** How to complete this task **
The lines below starting at the line containing "Full Stack Developer" and ending at the line containing "-Bco豆库(星耀天地店)" are to be repeated exactly, with both ends kept and nothing else added.

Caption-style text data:
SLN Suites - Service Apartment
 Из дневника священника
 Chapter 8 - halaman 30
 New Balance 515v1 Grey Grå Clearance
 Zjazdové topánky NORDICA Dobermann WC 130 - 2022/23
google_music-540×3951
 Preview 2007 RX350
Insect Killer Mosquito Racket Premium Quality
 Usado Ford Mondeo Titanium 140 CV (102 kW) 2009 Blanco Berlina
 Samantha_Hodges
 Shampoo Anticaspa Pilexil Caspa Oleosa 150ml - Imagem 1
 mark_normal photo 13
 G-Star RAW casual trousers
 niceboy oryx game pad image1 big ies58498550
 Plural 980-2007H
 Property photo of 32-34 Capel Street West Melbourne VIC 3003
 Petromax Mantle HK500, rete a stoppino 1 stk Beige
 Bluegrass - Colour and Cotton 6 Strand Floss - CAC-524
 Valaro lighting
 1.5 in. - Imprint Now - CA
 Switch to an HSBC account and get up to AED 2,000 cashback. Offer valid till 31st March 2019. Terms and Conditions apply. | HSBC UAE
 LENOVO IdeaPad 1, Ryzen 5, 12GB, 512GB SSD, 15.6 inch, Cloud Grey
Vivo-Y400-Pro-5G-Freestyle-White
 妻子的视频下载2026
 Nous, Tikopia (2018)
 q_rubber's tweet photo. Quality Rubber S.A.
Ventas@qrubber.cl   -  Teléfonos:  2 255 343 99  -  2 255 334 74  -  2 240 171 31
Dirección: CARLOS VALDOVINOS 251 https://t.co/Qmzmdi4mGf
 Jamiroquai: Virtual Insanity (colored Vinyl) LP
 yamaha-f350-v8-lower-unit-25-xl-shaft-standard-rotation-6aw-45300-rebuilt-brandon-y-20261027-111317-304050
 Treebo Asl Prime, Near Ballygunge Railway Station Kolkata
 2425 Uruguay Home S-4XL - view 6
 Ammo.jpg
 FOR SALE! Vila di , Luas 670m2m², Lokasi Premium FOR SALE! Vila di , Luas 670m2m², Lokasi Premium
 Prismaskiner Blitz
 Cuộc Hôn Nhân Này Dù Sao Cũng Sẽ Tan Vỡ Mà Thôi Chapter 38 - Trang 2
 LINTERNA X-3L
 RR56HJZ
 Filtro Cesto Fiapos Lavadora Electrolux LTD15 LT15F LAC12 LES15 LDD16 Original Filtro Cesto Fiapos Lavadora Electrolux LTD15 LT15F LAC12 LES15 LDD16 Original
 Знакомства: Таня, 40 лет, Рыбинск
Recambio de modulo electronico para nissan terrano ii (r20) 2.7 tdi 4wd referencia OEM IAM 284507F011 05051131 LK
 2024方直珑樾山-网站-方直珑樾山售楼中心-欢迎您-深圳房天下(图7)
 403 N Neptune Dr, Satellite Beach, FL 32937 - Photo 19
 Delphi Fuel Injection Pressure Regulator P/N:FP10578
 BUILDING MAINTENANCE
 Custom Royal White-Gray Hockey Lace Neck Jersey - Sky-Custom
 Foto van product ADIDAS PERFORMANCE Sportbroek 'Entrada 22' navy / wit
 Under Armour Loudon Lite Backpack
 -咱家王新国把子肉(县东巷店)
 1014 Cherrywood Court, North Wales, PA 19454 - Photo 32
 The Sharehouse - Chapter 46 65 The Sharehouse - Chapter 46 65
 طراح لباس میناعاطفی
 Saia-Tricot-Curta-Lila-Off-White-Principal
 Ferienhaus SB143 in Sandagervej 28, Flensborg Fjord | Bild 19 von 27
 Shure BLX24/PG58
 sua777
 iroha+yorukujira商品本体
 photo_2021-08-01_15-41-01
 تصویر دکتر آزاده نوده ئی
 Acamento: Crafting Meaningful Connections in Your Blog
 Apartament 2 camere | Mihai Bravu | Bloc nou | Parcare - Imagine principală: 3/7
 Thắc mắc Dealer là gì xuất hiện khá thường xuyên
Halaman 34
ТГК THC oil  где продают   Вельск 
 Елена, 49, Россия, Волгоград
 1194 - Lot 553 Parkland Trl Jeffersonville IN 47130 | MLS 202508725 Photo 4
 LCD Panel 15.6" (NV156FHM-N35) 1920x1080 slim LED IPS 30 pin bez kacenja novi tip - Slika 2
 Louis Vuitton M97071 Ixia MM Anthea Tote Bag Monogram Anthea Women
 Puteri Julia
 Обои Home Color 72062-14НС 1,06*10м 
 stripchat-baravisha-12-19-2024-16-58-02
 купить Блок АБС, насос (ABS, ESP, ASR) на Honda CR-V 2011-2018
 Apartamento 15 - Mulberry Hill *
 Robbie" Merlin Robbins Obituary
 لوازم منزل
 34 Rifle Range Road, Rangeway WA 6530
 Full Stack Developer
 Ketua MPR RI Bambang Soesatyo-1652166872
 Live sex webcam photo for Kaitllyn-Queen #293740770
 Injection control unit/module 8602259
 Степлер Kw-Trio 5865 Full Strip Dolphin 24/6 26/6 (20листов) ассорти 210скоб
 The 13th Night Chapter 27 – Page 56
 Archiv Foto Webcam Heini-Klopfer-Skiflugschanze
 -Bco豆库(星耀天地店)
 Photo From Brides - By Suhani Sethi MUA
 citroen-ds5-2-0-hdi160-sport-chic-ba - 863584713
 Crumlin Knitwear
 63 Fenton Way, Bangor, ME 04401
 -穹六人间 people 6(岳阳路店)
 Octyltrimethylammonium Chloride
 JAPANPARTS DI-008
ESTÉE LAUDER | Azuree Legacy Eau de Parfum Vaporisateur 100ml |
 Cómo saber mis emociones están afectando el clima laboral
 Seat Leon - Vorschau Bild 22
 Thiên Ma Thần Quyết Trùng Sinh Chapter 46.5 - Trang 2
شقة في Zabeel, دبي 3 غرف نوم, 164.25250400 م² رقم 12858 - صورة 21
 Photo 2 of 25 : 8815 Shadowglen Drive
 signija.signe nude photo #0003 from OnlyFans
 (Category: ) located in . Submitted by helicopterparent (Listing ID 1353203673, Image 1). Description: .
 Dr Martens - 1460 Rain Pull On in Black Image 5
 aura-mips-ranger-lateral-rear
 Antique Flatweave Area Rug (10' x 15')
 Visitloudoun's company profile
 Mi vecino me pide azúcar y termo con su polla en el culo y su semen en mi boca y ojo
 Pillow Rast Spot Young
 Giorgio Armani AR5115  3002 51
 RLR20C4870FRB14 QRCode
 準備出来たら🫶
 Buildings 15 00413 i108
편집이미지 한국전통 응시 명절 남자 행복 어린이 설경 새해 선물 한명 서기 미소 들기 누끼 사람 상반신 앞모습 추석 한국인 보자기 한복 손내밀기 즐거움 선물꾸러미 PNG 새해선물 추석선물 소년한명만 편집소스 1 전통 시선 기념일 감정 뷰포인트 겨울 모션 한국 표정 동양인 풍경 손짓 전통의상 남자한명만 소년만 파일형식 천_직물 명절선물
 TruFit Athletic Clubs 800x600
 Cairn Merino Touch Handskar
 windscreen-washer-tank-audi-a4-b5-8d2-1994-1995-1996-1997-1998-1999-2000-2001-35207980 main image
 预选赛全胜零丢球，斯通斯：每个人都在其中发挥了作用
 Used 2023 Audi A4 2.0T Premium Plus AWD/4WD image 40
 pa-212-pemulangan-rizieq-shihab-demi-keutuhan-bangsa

** Task result **
 Full Stack Developer
 Ketua MPR RI Bambang Soesatyo-1652166872
 Live sex webcam photo for Kaitllyn-Queen #293740770
 Injection control unit/module 8602259
 Степлер Kw-Trio 5865 Full Strip Dolphin 24/6 26/6 (20листов) ассорти 210скоб
 The 13th Night Chapter 27 – Page 56
 Archiv Foto Webcam Heini-Klopfer-Skiflugschanze
 -Bco豆库(星耀天地店)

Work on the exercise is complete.